What the study reveals

The TransUnion study identified three types of card payers (the figure in brackets is the percentage of consumers falling into the group as of October 2012):

  1. Transactors: those who always zero their card balances (42 percent).
  2. Revolvers (Partial): those who pay more than the minimum on at least one of their credit cards, but don’t zero their balance (40 percent).
  3. Revolvers (Min.): those who routinely make within a few dollars of the minimum payment due on at least one of their cards (18 percent).

The difference between a revolver’s chances of falling behind with loan payments and those of a transactor doing so is stark:

  • Revolvers who receive a new bank card today are more than three times as likely as transactors to be 90 days or more past due in two years.
  • For existing bank cards, they’re more than five times as likely.
  • For auto loans, they’re three times as likely.

What’s remarkable is that existing credit scores don’t accurately reflect this difference in risk. As you’d expect, a tiny proportion of super prime borrowers (those with credit scores over 900) find themselves 90 days or more past due on their auto loans 24 months after those loans originated. But some do, and they’re roughly twice as likely to be revolvers than transactors.

So what?

Credit bureaus’ promises to help lenders make smarter decisions are generally welcome, because when people who truly can’t cope with borrowing are given finance, everyone suffers.
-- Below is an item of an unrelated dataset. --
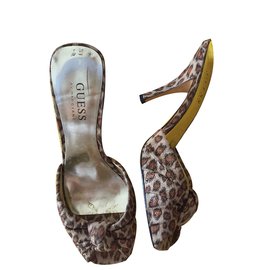 Guess-Mules-Marron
But, as recently highlighted, using big data to segment groups, and then to judge individuals because they happen to share certain habits, is bound to involve some unfairness. Some revolvers are inevitably going to be responsible borrowers who’d never default in a million years. So profiling them in this way is going to disadvantage the innocent as well as the “guilty.” It would be better to assess an individual’s creditworthiness on his or her own records rather than on the ones of those who happen to be like them in certain ways.

But maybe that’s not possible. Drivers with DUIs or bad claims records rightly pay higher auto insurance premiums. But we accept that young people must do so too, because of their group’s statistical propensity to be involved in more collisions. Perhaps we have to see lending in the same way.